### RECORDS SHOWN
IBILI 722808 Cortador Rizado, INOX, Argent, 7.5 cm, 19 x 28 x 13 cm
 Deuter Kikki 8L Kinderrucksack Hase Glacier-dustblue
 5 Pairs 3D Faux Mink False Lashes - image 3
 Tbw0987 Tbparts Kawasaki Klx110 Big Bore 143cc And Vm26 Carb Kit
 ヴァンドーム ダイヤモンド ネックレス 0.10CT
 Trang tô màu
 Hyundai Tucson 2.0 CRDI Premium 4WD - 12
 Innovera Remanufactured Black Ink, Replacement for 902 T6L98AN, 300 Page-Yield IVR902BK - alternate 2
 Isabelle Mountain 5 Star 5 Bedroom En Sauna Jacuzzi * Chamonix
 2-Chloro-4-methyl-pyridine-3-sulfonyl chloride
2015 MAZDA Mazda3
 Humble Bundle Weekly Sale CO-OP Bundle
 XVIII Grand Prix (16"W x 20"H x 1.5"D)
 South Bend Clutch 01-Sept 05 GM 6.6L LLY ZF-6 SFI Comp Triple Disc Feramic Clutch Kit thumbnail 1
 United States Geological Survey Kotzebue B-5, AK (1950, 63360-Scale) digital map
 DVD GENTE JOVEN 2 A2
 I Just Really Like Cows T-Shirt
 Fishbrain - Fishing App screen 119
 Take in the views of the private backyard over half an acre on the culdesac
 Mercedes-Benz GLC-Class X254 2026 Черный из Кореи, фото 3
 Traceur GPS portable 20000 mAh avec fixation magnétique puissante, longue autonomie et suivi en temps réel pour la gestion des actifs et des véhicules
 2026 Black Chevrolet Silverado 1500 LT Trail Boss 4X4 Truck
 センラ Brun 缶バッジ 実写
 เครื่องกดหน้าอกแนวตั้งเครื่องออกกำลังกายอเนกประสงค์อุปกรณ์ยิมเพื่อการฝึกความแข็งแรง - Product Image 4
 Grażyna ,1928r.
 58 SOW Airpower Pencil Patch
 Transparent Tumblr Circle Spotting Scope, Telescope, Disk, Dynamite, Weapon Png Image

### WHAT TO DO
Find the line containing "XVIII Grand Prix", then output it and every line after it to the end of the data, exactly.

### SOLUTION TO THIS PROBLEM
 XVIII Grand Prix (16"W x 20"H x 1.5"D)
 South Bend Clutch 01-Sept 05 GM 6.6L LLY ZF-6 SFI Comp Triple Disc Feramic Clutch Kit thumbnail 1
 United States Geological Survey Kotzebue B-5, AK (1950, 63360-Scale) digital map
 DVD GENTE JOVEN 2 A2
 I Just Really Like Cows T-Shirt
 Fishbrain - Fishing App screen 119
 Take in the views of the private backyard over half an acre on the culdesac
 Mercedes-Benz GLC-Class X254 2026 Черный из Кореи, фото 3
 Traceur GPS portable 20000 mAh avec fixation magnétique puissante, longue autonomie et suivi en temps réel pour la gestion des actifs et des véhicules
 2026 Black Chevrolet Silverado 1500 LT Trail Boss 4X4 Truck
 センラ Brun 缶バッジ 実写
 เครื่องกดหน้าอกแนวตั้งเครื่องออกกำลังกายอเนกประสงค์อุปกรณ์ยิมเพื่อการฝึกความแข็งแรง - Product Image 4
 Grażyna ,1928r.
 58 SOW Airpower Pencil Patch
 Transparent Tumblr Circle Spotting Scope, Telescope, Disk, Dynamite, Weapon Png Image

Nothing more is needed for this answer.